3 Characteristics of A Great Kill Plot For Deer Hunting

How To Design The Best Kill Plots For Small Parcel Deer Hunting

A large number of bowhunters are trying to figure out the same problem: How do I make my small deer hunting parcel better? Although the answer can sometimes be very complex there are a few simple steps to take for getting better deer hunting on the back 40. 

Exodus sat down with Jeff Sturgis of Whitetail Habitat Solutions to discuss this very topic in episode #185 of The Exodus Podcast.  

Listen to the full discussion here:

#1: Access is KEY

When planning your kill plot, whether it is 1/4 acre, 1/2 acre or bigger the #1 most important factor is access.  Can you access and exit that kill plot without bumping deer?

Clean access and exit routes are often the most overlooked when planning for a deer hunt, or when designing a deer parcel for bowhunting. However, it is the very first priority to consider.  More people are ruining their hunts and their farm because of their access than any other factor.  

This point applies to the hunt itself, but also checking trail cameras, bait stations, or anything you are doing on the farm. 

#2: Food Determines the Foundation of Deer Movement

Kill Plot for Deer Hunting

A kill plot is not a kill plot unless it is on the way to something else. When dealing with kill plots, typically under an acre in size, they must not be the destination.  If deer linger, your food will be eaten down to the dirt and your movement is sacrificed.  

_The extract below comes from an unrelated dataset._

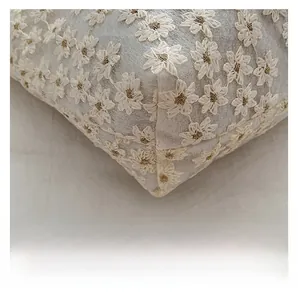 Close-up of white daisy embroidery with golden metallic stitching on canvas tote bag
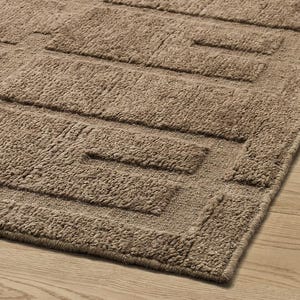 Peut inclure: Gros plan sur un tapis de bain rectangulaire marron avec un motif géométrique. Le tapis a une surface texturée et moelleuse avec des formes rectangulaires en relief. Le tapis est fait d'un matériau doux et est posé sur un sol en bois clair.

The goal with your kill plot is to just be a window in their movement so they are just stopping for a bite on their way to a destination food source.  

There are a ton of great resources on designing food plots on the Exodus Outdoor Gear Youtube Channel to learn more about what to plant on your farm for designing a better deer hunting parcel. 

#3 Mock Scrapes WORK in Kill Plots

Adding an attraction to your kill plot like a mock scrape, or a watering hole are great ways to improve the attraction of the small plot.  Again, keep in mind you do not want to hold the deer in these areas for long periods of time. The goal here is to lengthen the line of movement before your target buck reaches the destination food source. 

The biggest advantage to adding a mock scrape to a kill plot is for stand placement.  Without the "destination" in the kill plot, it is less likely to pattern the movement through the plot.  Adding a mock scrape is a great way to get that buck to stop in an area allowing you to get a perfectly placed arrow into him for the kill.  

In conclusion, a kill plot must have three factors to be effective, great access, great attraction, and an opportunity for the shot! If your plot is lacking one of these three factors and you cannot rectify the problem, it may be best to keep the plot for the additional food source and to keep the deer safe but don't hunt that particular plot.